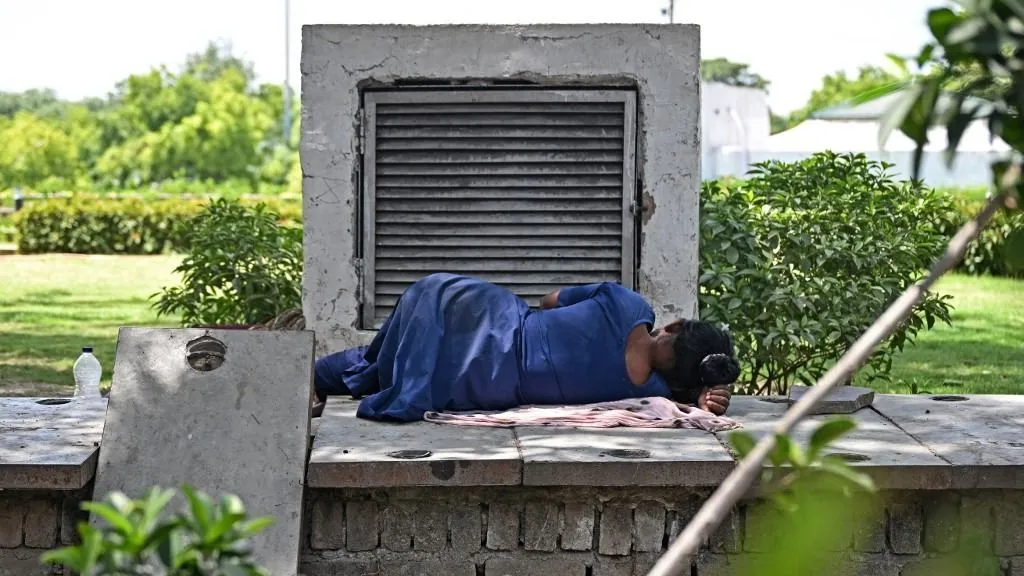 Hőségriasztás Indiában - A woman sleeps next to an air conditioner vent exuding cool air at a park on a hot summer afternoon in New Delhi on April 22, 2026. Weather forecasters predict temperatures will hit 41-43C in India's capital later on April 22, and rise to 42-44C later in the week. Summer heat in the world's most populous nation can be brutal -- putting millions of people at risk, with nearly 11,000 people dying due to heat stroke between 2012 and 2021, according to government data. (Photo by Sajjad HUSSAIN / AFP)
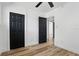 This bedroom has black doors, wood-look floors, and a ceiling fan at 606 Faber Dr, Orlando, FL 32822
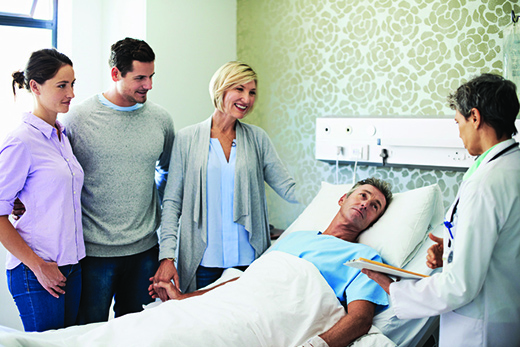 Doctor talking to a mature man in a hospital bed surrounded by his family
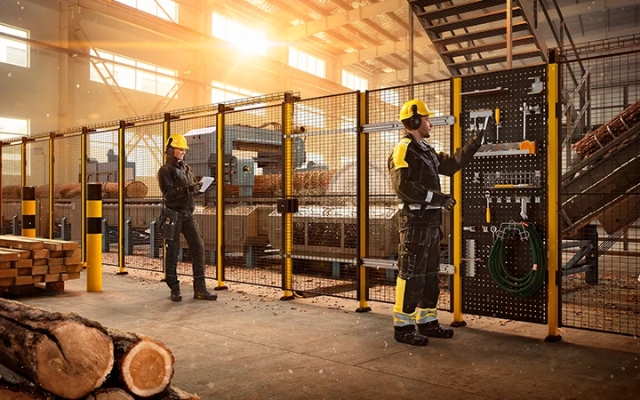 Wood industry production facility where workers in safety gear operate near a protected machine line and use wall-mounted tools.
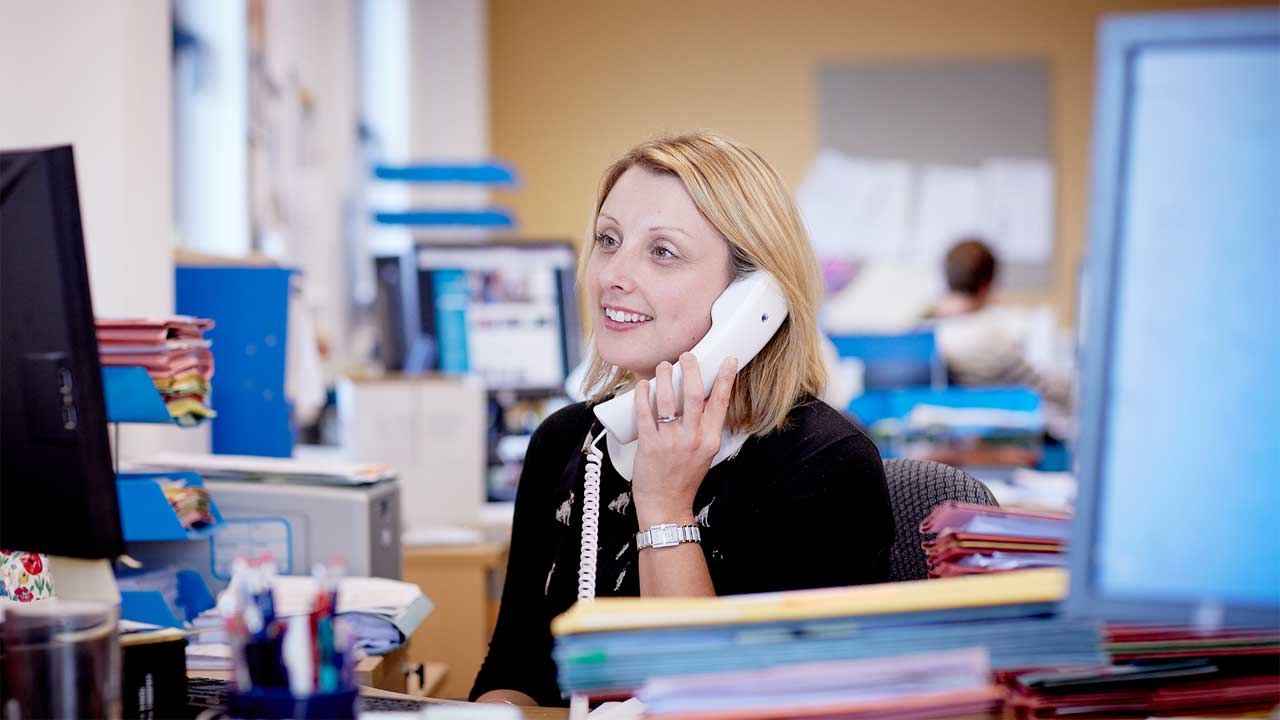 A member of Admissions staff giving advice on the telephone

----

» Problem
Output, exactly and only, the lines beginning with the one that contains "This bedroom has" and ending at the last line of the records above. Drop the pictures.

» Response to the exercise
 This bedroom has black doors, wood-look floors, and a ceiling fan at 606 Faber Dr, Orlando, FL 32822
 Doctor talking to a mature man in a hospital bed surrounded by his family
 Wood industry production facility where workers in safety gear operate near a protected machine line and use wall-mounted tools.
 A member of Admissions staff giving advice on the telephone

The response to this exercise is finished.